Compression ratio: for a (4096, 4096) weight matrix at rank 4, communication drops from $4096^2 = 16.7M$ values to $(4096 + 4096) \times 4 = 32K$ values — a 512x reduction. The error feedback mechanism ensures convergence matches uncompressed training over enough steps.

Communication Volume per GPU: Compression Methods (70B Model, 8 GPUs)

(GB per step)

FP32 (no compression) 490 GB

490 GB per step

FP16 gradients 245 GB

245 GB per step

PowerSGD rank-4 ~12 GB

12 GB per step

TopK (1% sparsity) ~5 GB

5 GB per step

When DDP Is Not Enough

DDP requires each GPU to hold a complete copy of the model. For Llama 70B: 140 GB weights (FP16) + 140 GB gradients (FP16) + 560 GB optimizer states (FP32 master weights + momentum + variance) = 840 GB per GPU. No single GPU has this capacity.

Solutions that build on DDP’s gradient synchronization:

ZeRO-1: Partition optimizer states across GPUs. Each GPU stores 1/N of the optimizer state. All-reduce still needed for gradients. Memory per GPU drops from 840 GB to ~350 GB.
ZeRO-2 (+ gradient sharding): Also partition gradients. Reduce-scatter instead of all-reduce — each GPU only keeps its shard. Memory drops to ~210 GB.
ZeRO-3 / FSDP: Partition everything — parameters, gradients, optimizer. All-gather parameters on demand for each forward/backward computation. Memory per GPU drops to ~105 GB.
TP + DDP: Tensor parallelism within a node (split individual layers across GPUs), DDP across nodes (replicate the TP groups). This is the standard approach for large training runs.

Memory per GPU: DDP vs ZeRO Stages (70B Model, 8 GPUs)

(GB)

DDP (full replicas) 840 GB (impossible)

840 GB

ZeRO-1 (shard optimizer) 350 GB

350 GB

ZeRO-2 (+ shard grads) 210 GB

210 GB

ZeRO-3 / FSDP 105 GB (fits H100)

105 GB

ℹ️ DDP vs FSDP: When to Use Which

Use DDP when the model fits on a single GPU with room for gradients and optimizer states. DDP is simpler, has less communication overhead, and is easier to debug. Switch to FSDP (ZeRO-3) only when memory requires it — FSDP adds all-gather overhead for every forward/backward pass. For models under ~13B parameters on H100 GPUs, DDP is usually the right choice.
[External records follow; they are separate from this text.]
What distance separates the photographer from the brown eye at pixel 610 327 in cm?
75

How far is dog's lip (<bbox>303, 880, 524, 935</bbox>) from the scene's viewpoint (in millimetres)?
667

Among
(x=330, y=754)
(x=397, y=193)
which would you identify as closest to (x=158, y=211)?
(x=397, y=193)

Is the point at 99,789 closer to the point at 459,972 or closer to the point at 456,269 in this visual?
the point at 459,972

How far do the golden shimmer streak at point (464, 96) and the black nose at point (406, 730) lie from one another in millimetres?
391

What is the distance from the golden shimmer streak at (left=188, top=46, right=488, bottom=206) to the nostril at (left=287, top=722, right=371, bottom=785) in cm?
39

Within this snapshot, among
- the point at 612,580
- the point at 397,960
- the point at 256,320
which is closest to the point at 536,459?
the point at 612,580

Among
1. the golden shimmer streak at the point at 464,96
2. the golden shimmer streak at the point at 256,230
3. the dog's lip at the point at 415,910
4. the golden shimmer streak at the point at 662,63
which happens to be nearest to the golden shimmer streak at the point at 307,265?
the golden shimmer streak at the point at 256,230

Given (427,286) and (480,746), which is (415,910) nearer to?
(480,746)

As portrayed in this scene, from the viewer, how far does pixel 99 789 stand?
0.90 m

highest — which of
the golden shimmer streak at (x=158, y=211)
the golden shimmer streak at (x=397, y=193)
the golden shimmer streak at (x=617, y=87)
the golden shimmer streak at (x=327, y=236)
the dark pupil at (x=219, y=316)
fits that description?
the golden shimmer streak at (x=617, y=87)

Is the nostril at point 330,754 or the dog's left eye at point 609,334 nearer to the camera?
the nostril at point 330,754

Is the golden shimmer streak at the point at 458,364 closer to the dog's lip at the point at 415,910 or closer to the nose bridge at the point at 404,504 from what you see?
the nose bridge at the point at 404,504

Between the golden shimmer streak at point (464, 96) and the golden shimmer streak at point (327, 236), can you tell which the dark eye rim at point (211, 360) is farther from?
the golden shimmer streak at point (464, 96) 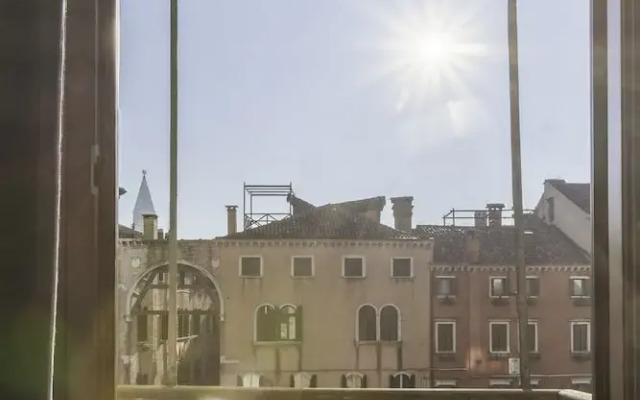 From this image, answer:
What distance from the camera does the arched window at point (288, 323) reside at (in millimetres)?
7622

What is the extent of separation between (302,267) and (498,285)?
228cm

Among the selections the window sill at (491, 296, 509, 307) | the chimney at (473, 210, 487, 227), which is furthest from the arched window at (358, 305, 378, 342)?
the chimney at (473, 210, 487, 227)

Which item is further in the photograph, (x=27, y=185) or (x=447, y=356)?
(x=447, y=356)

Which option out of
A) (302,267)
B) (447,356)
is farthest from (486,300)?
(302,267)

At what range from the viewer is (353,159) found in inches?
175

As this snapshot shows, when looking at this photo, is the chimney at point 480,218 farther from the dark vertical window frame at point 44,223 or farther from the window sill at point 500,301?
the dark vertical window frame at point 44,223

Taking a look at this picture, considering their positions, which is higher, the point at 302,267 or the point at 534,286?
the point at 302,267

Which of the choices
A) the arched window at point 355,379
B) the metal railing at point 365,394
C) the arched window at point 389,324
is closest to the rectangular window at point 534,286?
the arched window at point 389,324

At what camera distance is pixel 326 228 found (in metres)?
6.87

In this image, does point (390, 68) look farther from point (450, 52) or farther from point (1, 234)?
point (1, 234)

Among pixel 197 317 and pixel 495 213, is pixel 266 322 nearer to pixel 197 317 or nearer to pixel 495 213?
pixel 197 317

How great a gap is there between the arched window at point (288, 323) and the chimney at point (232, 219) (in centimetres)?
169

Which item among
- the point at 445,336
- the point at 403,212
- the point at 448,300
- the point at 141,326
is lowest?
the point at 445,336

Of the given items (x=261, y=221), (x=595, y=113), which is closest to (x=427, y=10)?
(x=595, y=113)
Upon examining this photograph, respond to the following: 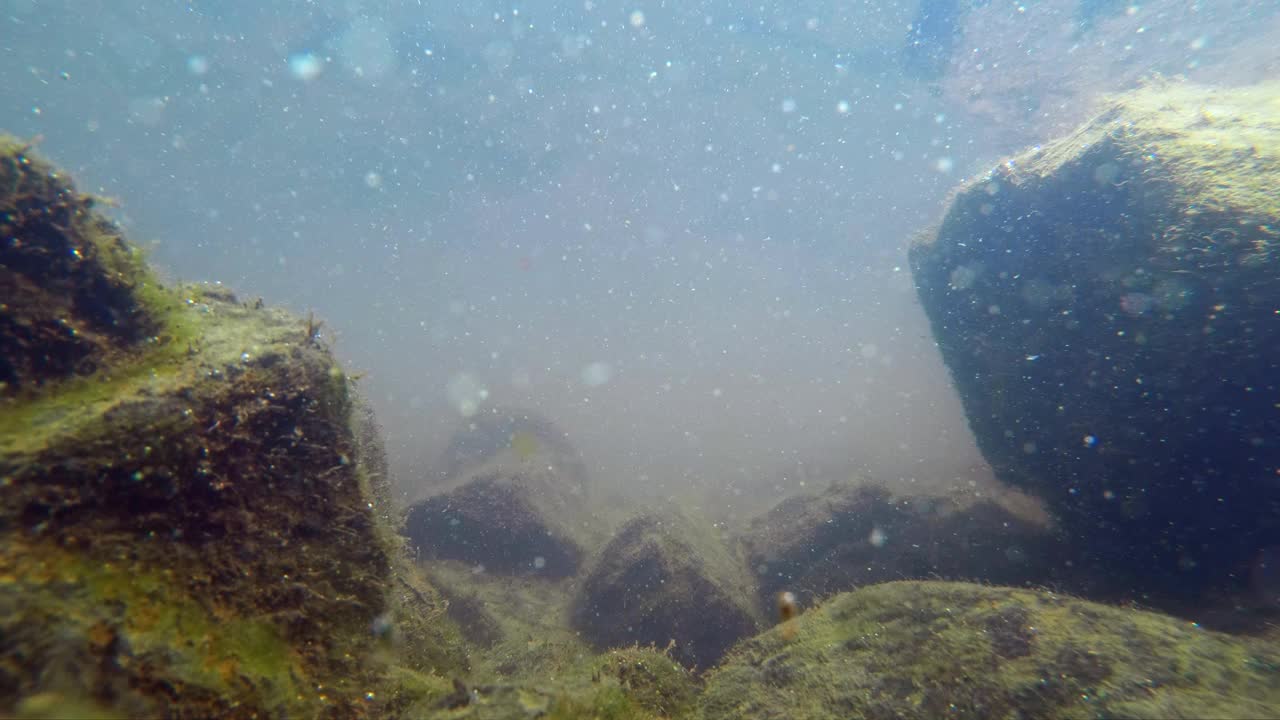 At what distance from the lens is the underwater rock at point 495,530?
889cm

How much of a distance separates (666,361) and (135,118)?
54.6 m

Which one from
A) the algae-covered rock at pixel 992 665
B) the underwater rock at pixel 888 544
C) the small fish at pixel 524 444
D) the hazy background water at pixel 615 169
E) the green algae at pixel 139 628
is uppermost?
the hazy background water at pixel 615 169

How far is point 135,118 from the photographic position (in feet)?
148

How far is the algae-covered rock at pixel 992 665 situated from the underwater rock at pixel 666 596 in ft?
10.8

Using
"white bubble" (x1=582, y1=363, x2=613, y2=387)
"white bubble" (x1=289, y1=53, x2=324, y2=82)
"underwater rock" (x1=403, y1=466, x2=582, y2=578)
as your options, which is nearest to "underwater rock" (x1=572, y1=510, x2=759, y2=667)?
"underwater rock" (x1=403, y1=466, x2=582, y2=578)

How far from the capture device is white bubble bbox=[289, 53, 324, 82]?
33250 mm

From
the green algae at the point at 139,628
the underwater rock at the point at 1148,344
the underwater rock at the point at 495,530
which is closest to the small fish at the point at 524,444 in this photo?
the underwater rock at the point at 495,530

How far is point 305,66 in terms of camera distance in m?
34.3

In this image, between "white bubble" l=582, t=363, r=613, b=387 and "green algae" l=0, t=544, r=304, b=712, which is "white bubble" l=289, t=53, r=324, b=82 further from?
"green algae" l=0, t=544, r=304, b=712

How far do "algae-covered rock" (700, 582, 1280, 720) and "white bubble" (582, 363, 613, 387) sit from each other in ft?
97.7

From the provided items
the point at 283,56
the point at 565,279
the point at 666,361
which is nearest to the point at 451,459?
the point at 666,361

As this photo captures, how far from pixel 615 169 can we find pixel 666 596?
183 feet

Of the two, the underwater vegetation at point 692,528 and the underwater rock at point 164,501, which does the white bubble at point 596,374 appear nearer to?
the underwater vegetation at point 692,528

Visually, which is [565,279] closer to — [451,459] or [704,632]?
[451,459] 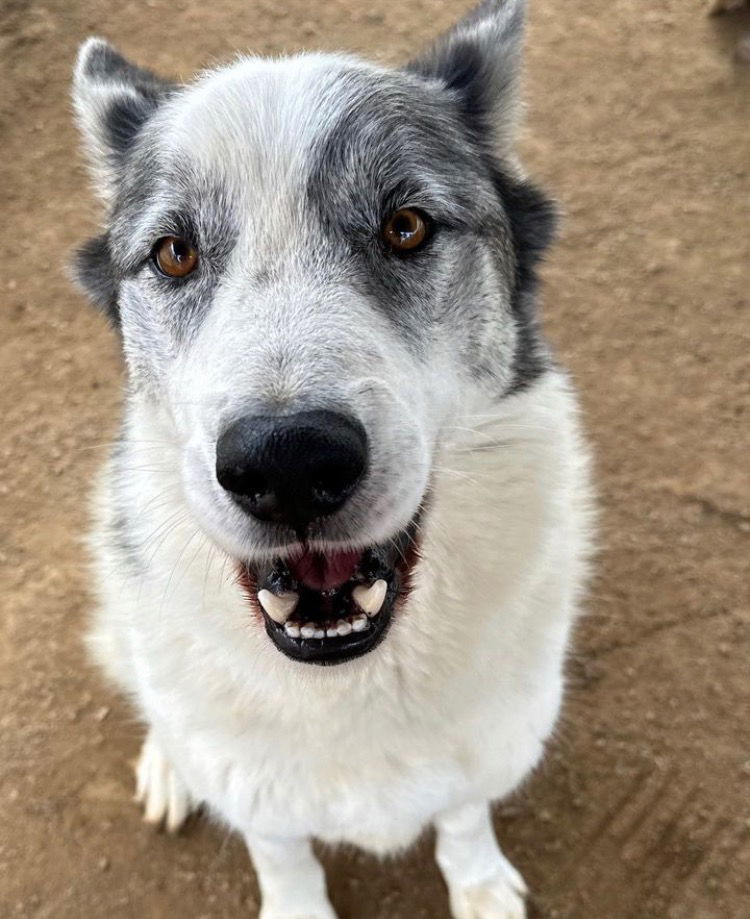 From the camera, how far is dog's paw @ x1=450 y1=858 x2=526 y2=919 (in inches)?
120

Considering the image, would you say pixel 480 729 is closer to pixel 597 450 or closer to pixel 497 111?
pixel 497 111

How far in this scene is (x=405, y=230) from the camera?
2162 mm

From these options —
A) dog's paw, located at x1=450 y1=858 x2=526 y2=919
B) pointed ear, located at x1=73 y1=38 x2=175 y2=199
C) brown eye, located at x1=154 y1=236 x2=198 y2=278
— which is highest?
pointed ear, located at x1=73 y1=38 x2=175 y2=199

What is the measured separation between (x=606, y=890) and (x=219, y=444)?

Practical DDP Configuration

import torch
import torch.distributed as dist
from torch.nn.parallel import DistributedDataParallel as DDP

def setup_ddp(rank, world_size):
    """Standard DDP setup."""
    dist.init_process_group(
        backend="nccl",           # NCCL for GPU, gloo for CPU
        init_method="env://",     # Use MASTER_ADDR and MASTER_PORT env vars
        rank=rank,
        world_size=world_size,
    )
    torch.cuda.set_device(rank)

def create_ddp_model(model, rank):
    """Wrap model in DDP with recommended settings."""
    model = model.to(rank)
    ddp_model = DDP(
        model,
        device_ids=[rank],
        output_device=rank,
        bucket_cap_mb=25,              # Default bucket size
        find_unused_parameters=False,  # Set True only if needed (adds overhead)
        gradient_as_bucket_view=True,  # Avoid gradient copy — use bucket memory directly
        static_graph=True,             # Enable optimizations for fixed computation graphs
    )
    return ddp_model

# Training loop
def train_step(ddp_model, optimizer, data, target):
    optimizer.zero_grad()
    output = ddp_model(data)
    loss = torch.nn.functional.cross_entropy(output, target)
    loss.backward()  # DDP hooks trigger all-reduce automatically
    optimizer.step()
    return loss.item()

Key flags:

gradient_as_bucket_view=True: Avoids copying gradients into bucket buffers — the gradient tensors directly reference the bucket memory. Saves memory and one memcpy per backward pass.
static_graph=True: Tells DDP that the computation graph doesn’t change between iterations (no conditional branches). Enables bucket reordering and fusion optimizations.
find_unused_parameters=False: Default. Setting to True adds a traversal to detect unused parameters but adds overhead. Only enable for models with dynamic branching where some parameters don’t receive gradients every step.